Berdasarkan informasi yang dihimpun dari internal Kemenag Tana Toraja, proyek rehabilitasi sejumlah fasilitas—seperti kantin dan dapur milik Dharma Wanita—dinilai belum mendesak. Kegiatan tersebut tetap berjalan di tengah kebijakan efisiensi anggaran.
Selain itu, lonjakan iuran Dharma Wanita secara mendadak dan pemotongan dana arisan yang dinilai tidak transparan turut dikeluhkan.
Kesenjangan antarpegawai pun kian terasa menyusul ketidakjelasan penggunaan anggaran olahraga ( Bapor ) serta pemberian dana pensiun KORPRI yang dianggap tidak layak.
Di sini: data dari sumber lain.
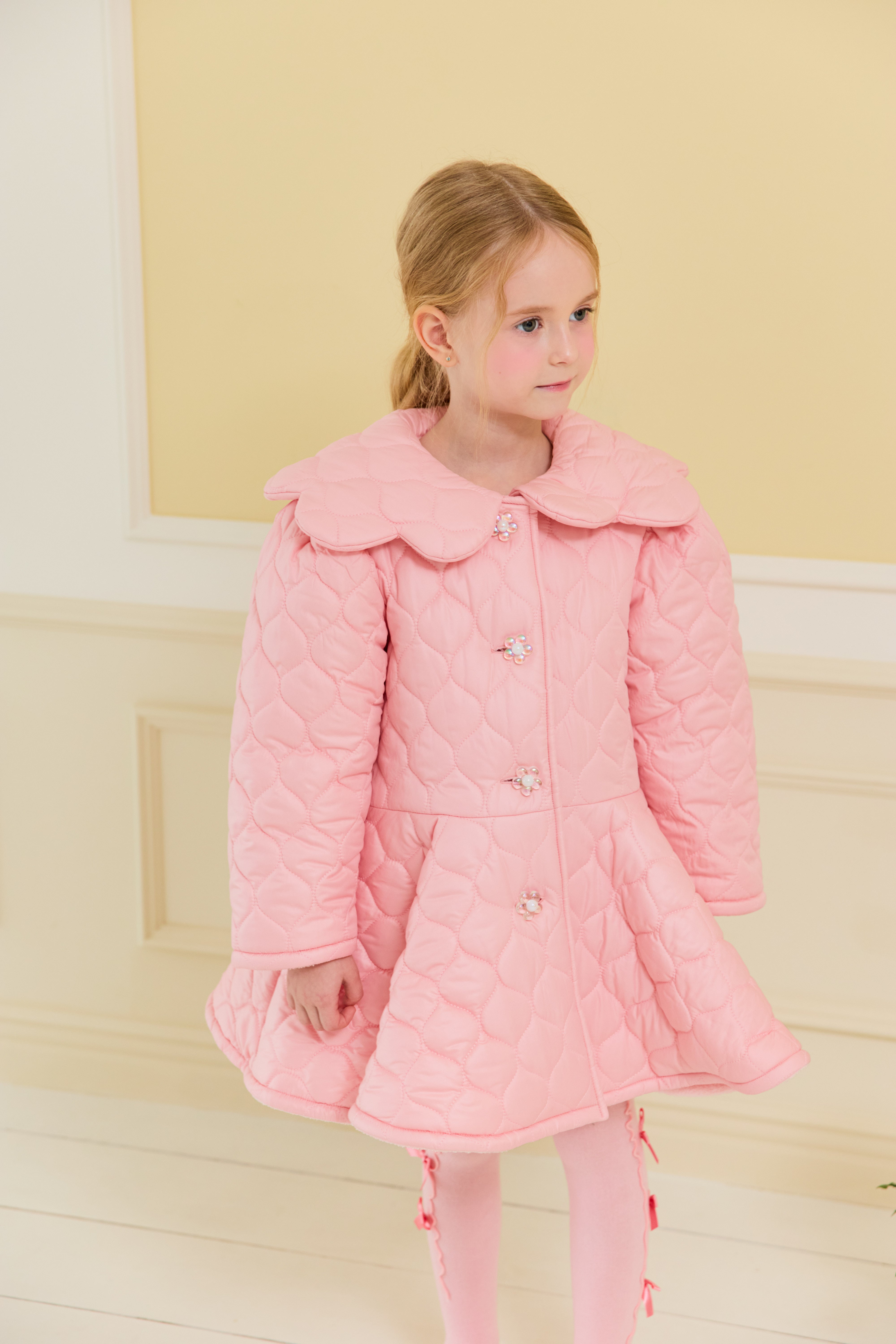 [ALITTLE] Audrey padding coat_Pink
Apalagi ada juga kabar jika kenaikan gaji berkala disebutkan pula kadang dipersulit
Kondisi tersebut diperparah oleh pembagian ruangan kerja yang terkesan diskriminatif. Salah satu bidang harus menempati ruangan yang sempit dan pengap, sementara ruangan staf lain jauh lebih layak.
Jadi dari semua tudingan tersebut kesan pencitraan mulai jadi buah bibir dan perbincangan negatif.
“Semua ini dilakukan hanya untuk pencitraan,” ujar salah seorang sumber internal yang enggan disebutkan namanya.
Hingga berita ini diturunkan, pihak Kemenag Tana Toraja belum memberikan keterangan resmi. Saat didatangi jurnalis media ini pada Senin (20/7/2026), Kepala Kantor Kemenag Tana Toraja sedang tidak berada di tempat.
“Bapak tidak ada, sedang menjalankan tugas dinas luar,” ujar salah seorang staf Kemenag Tana Toraja.